Patterns Of Choice

Consequence Patterns

Does the choice reward or punish the player? How severely and how does it intersect with the moral context of the choice?

Classic fork

A moral choice where being good gets you x reward, being bad gives you x + a bit more reward.

Missed skin moral fork

A moral choice where being good means you miss a chance at something and it feels like it stings.

Lost skin moral fork

A moral choice where being good loses you something that will actually sting. The distinction is important: there's a psychological quirk where people feel the loss of something they possess much more than the potential loss of something they could possess. Even when the net cost is the same in the larger context. Really upsets economists. :)

Missed blood / lost blood moral fork

As above, but it's something really rare and important.

Flagged moral choice fork

As any of the above, but it flags you with personality qualities.

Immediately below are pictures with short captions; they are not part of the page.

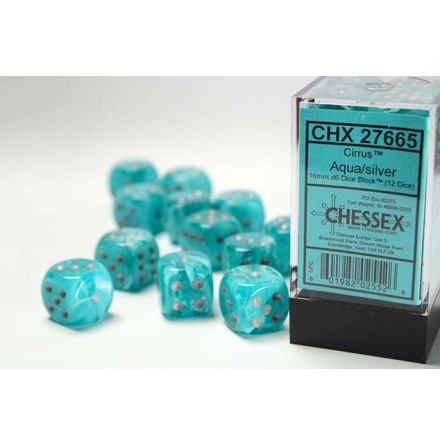 Cirrus� 16mm d6 Aqua/silver Dice Block� (12 dice)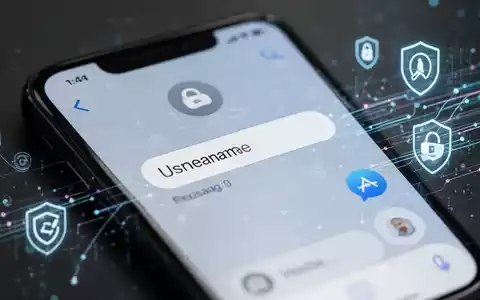Smartphone-Bildschirm mit Messaging-App, Benutzernameneingabe und abstrakten digitalen Privatsphäre-Elementen. - Foto: über boerse-global.de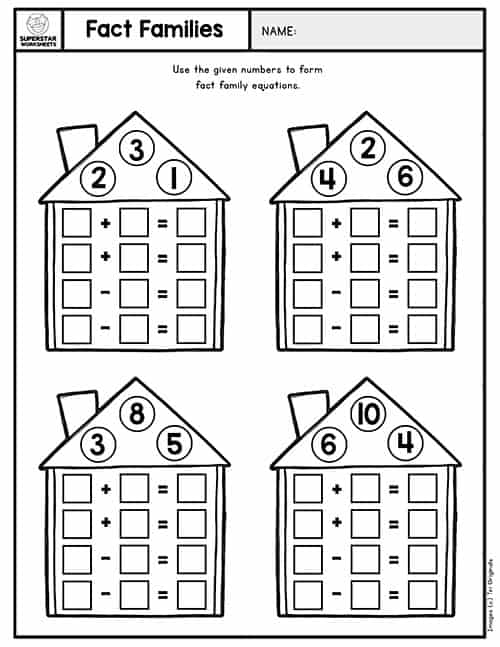 Fact Family Worksheets Superstar Worksheets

Implicit moral choice fork

As any of the above, but it makes you think about what the best thing to do was. But all this is purely 'a game in the Pope's head' - it doesn't have any different effects. (A 'pure reflective choice', aka a 'reflective choice with a twist of cheat.')

Flavour patterns

How is the morality of the choice portrayed? How clear, grey or concealed is it?

Kittens moral fork

A clear moral choice, as in, do you eat or free the kittens?

Kittens triple fork

A clear moral choice with a safe neutral way, as in, do you eat, sell or free the kittens?

Issues fork

A Moral Maze choice. Is censorship always bad? Should the murder victim get to decide their killer's punishment? &c.

Contrived fork

A showily painful moral choice. Eat the baby and save the mother? Or save the baby and eat the mother?

Murky fork

You're not given enough background information to be really sure what's going on. Eg, the investigation choice in Fallen London where you can leave the devil with his lover or not, but you don't know whether he's truly reformed. A bit of a cheat, or something troubling and interesting? Could be either. cf personal, covered fork.

Personal fork

It's really down to how you feel about a situation. Help the Tomb-Colonists or the Constables? Who do you prefer? Let the reformed criminal go?

Covered fork

A personal fork where the player has a reasonable basis or cover for claiming that their personal bias is supported by the facts of the fork. "It's obvious she's up to something, so I shot her," when in fact it isn't particularly obvious or even necessarily implied. Strong overlap with murky fork. The infamous Comtessa story in Fallen London probably qualifies as Covered.

Oleanna fork

It's really possible to construct a strong argument for either case.

Quagmire forks

Fork 1: will you spray graffiti for the cause? Yes? On to fork 2! Steal money for the cause? On to fork 3! Set fires for the cause? On to fork 4! And so forth. This kind of stakes-raising is a well-established dramatic tool and a rather nasty RL way of recruiting people into atrocities: if you say no, you may implicitly acknowledge that what you've already done was wrong. It's particularly compelling (or cheap) when there's a narrative someone's keen to see the end of.